The night of the performance was a basketful of nerves for me.  After years of "entertaining,"  I was finally being entrusted to "ENTERTAIN."  Amuse a roomful of journalism students and faculty.  People I didn't know.  And folks who were likely expecting a lot after enduring a meal of Fordham-cafeteria-produced roast chicken.

Yikes.

As soon as we began, there was a lag of about twenty seconds before the first joke would hit.  What's that?

"HA HA HA HA HA HA."

The good news is that there was a regular guffaw every twenty seconds thereafter.  They were buying it all.  From my vantage point in the back of the Ramskeller, I saw people laughing.  A lot.

And I had written it. 

I can't describe the feeling of that night.  A cornucopia of emotions that had me soaring over the campus for several hours and even days.  The culmination of two decades spent crafting my sense of humor.  Now an audience was enjoying it.

Oddly enough, this evening was so successful that the same professor asked us to do another revue the very next spring.  With the experience under our belt, the show would be even better.  Right?

Wrong.

I used the best actors I could find.  We had more props available.  I figured I was a better writer so I doubled the number of sketches.

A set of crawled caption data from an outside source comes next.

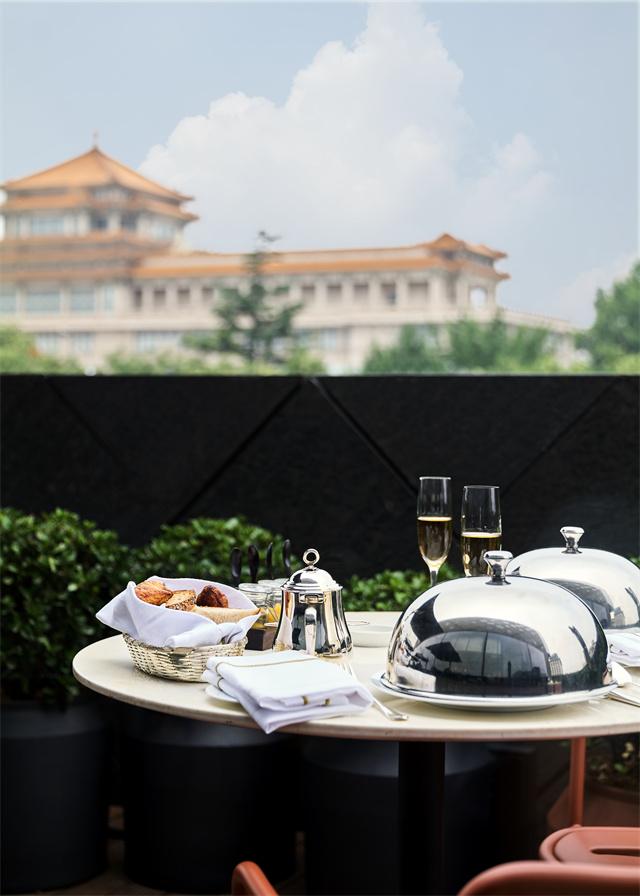 RG Terrace Bar 3.jpg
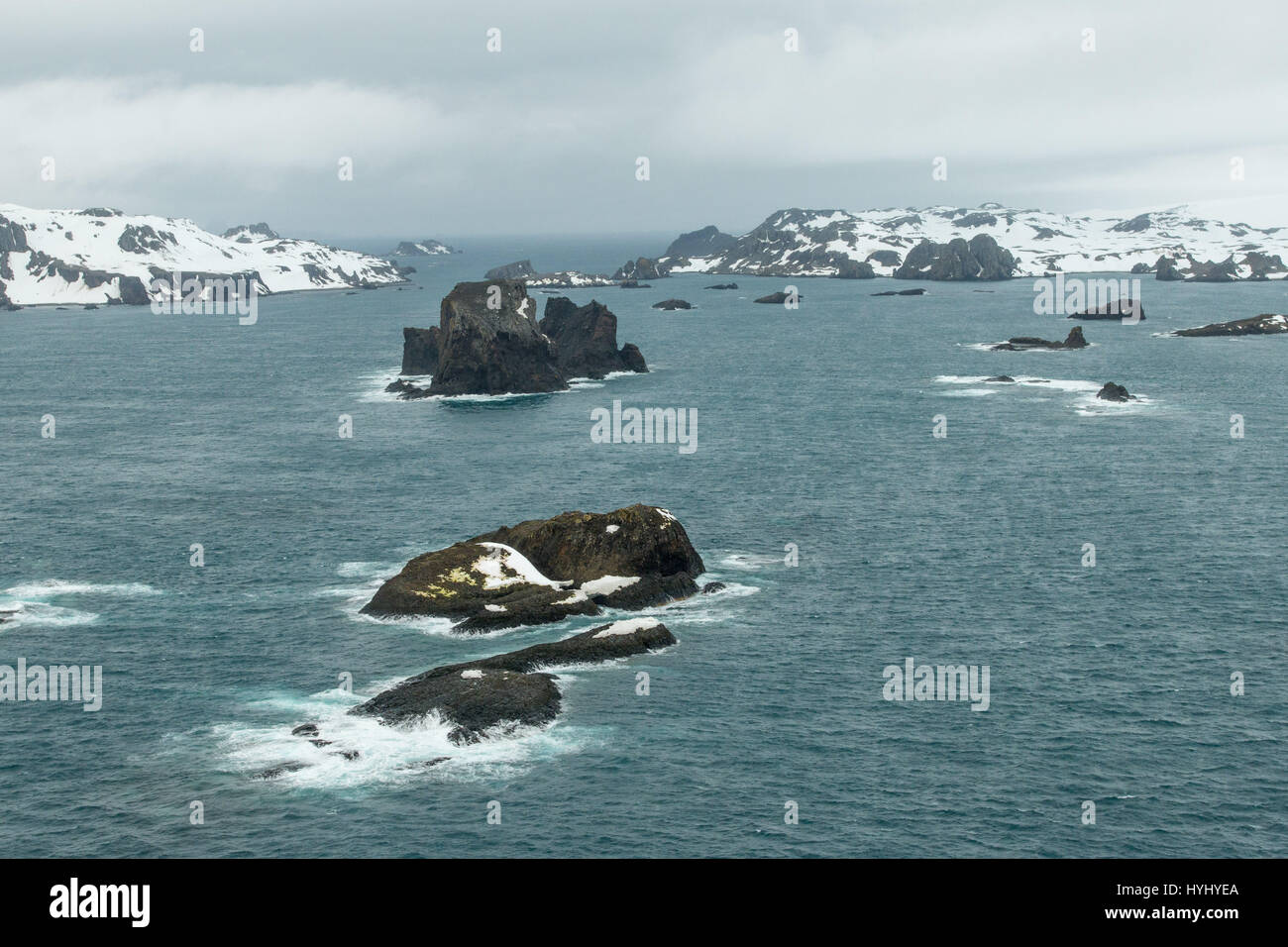 Felsen und Felsvorsprüngen von King George Island, antarktische Halbinsel, Antarktis Stockfoto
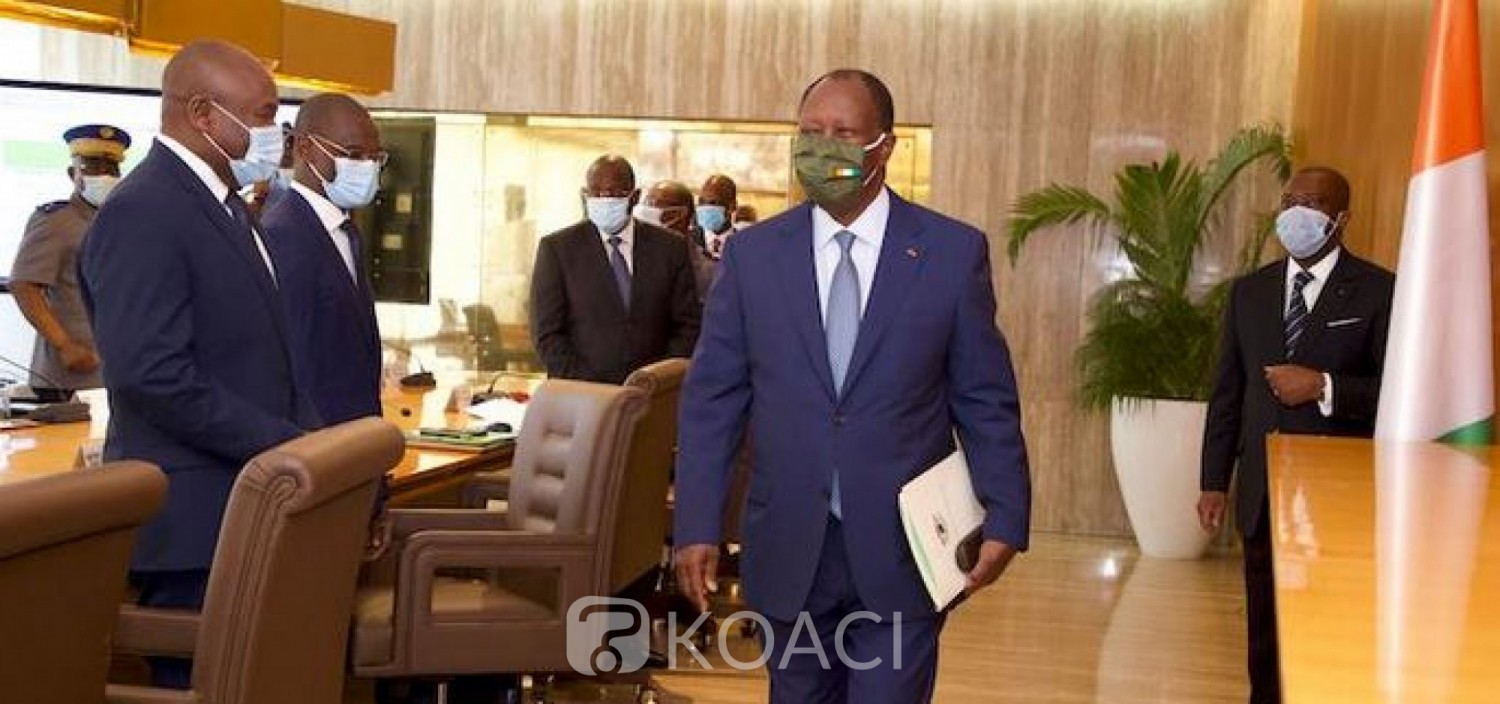 Côte d'Ivoire : Alassane Ouattara et son masque alternatif spécial « made in armée de Côte d'Ivoire »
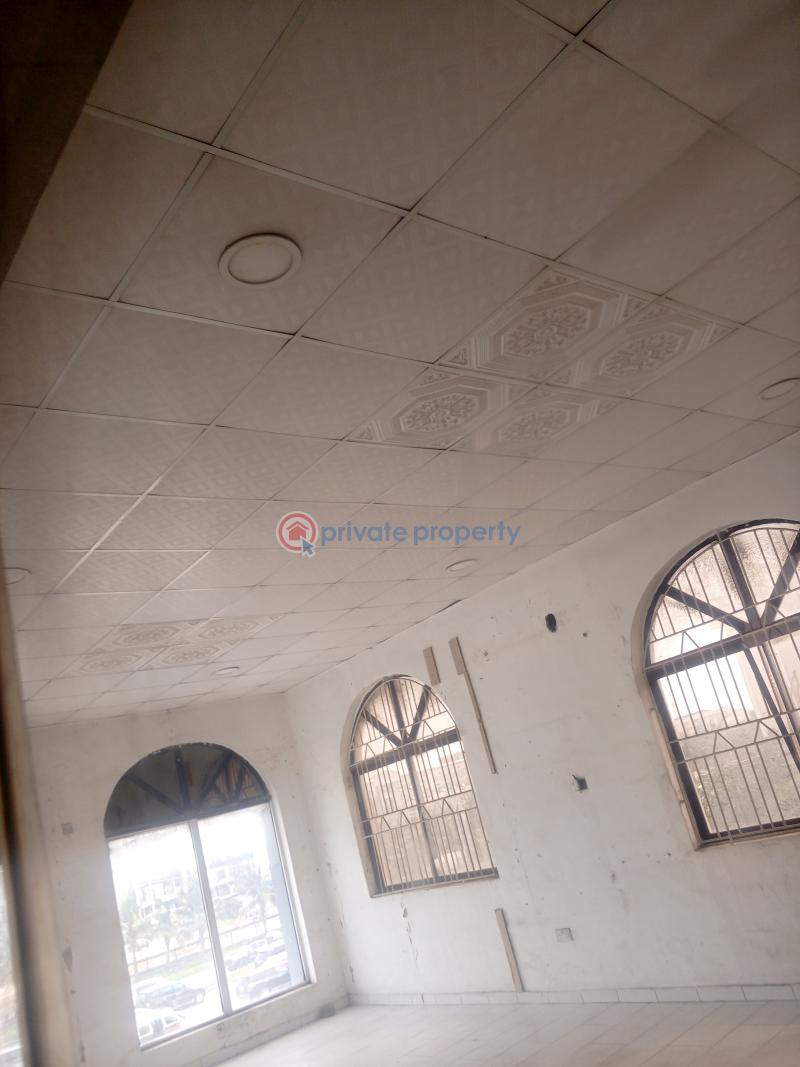 Mall/Complex/Plaza For Rent Agungi Bus Stop Agungi Lekki Lagos - 6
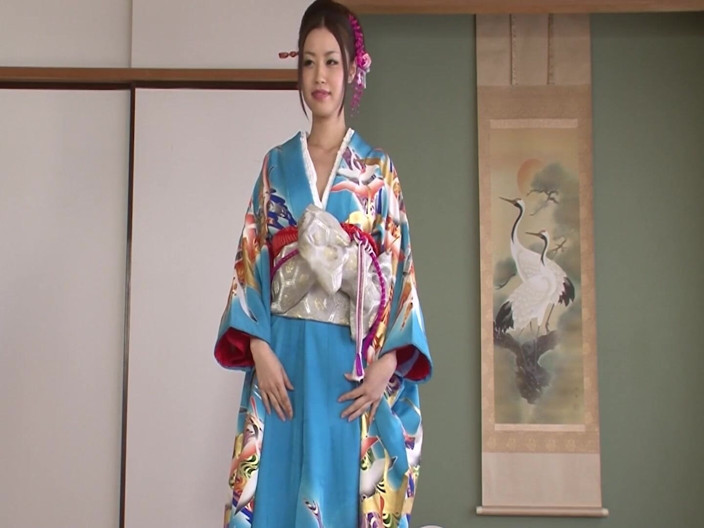 JAPAN IN LOVE: Awek Asia dalam pakaian dalam adegan pakaian dalam- 2 si rambut...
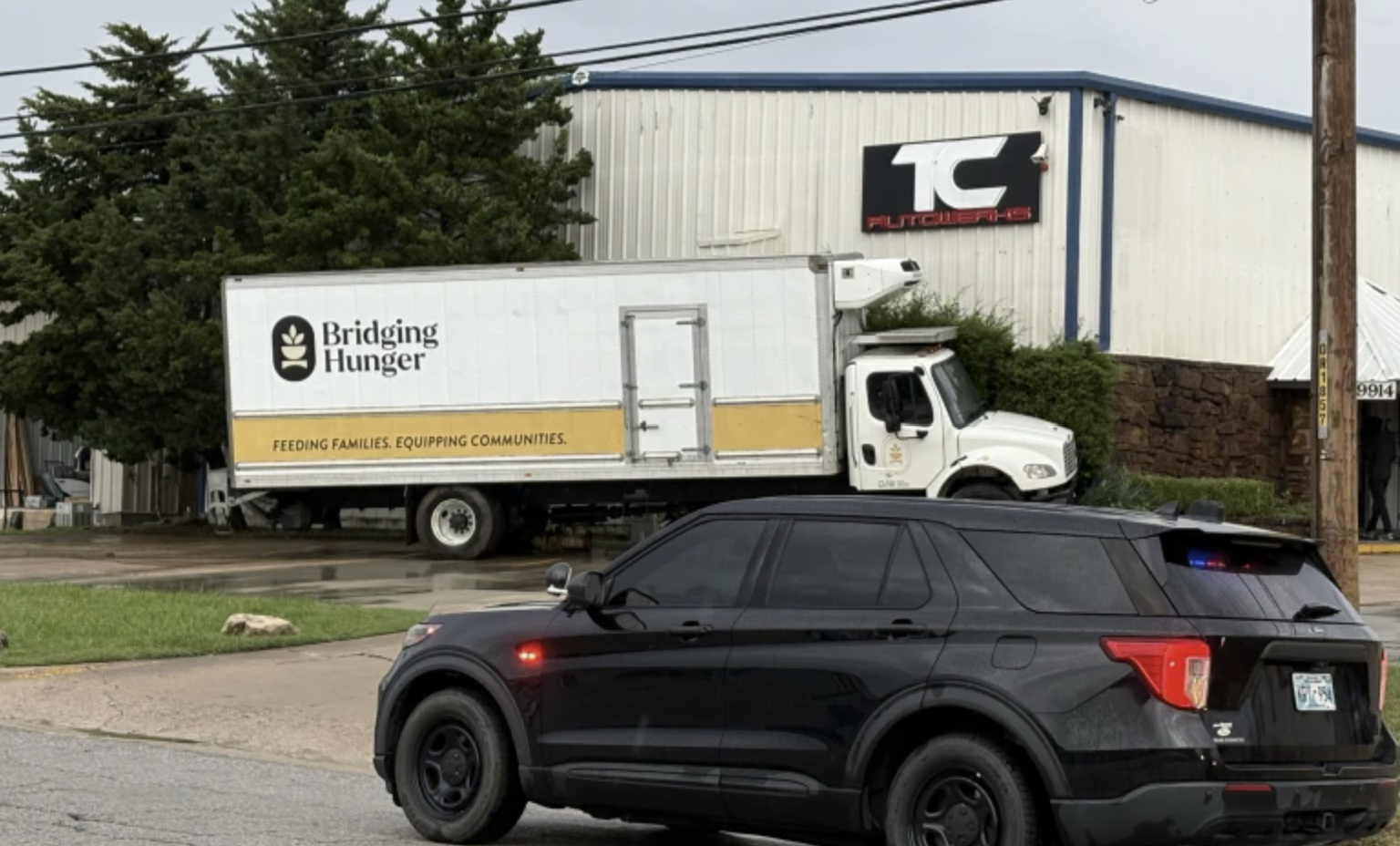 Box truck driver suffers medical emergency behind wheel — then crashes ...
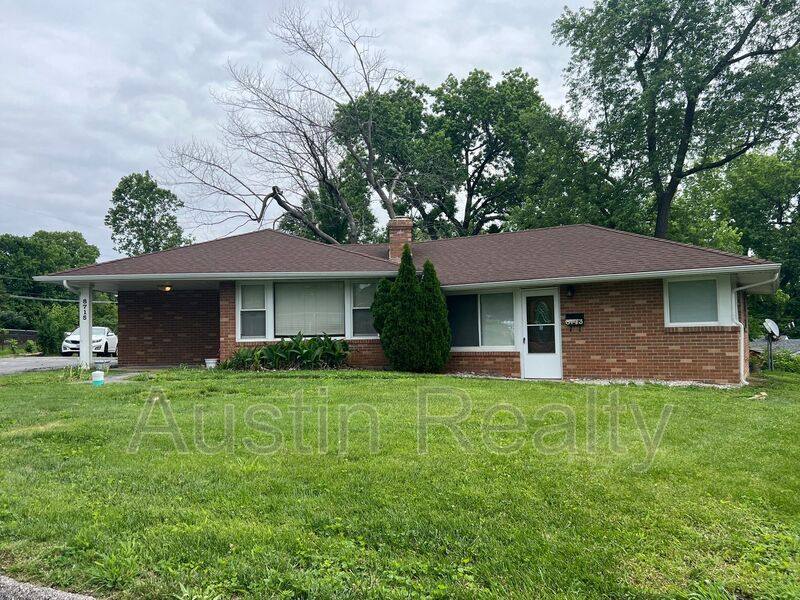 House for rent at 8713 Maryknoll Ave, Saint Louis, MO 63114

And it wasn't as good.  Another example that the first time is always your best effort.   A snowflake in our lives.  A moment that will never be duplicated.

And, by the way, if you're wondering, we didn't cast my protege the second time around.  Yeah, she was that bad the first time.  

Ah, the energy of that first evening my stuff was exposed to an audience.  There would be others.  Fingers crossed, there will be a lot more.

Dinner last night:  Chinese beef and shrimp from Panda Express.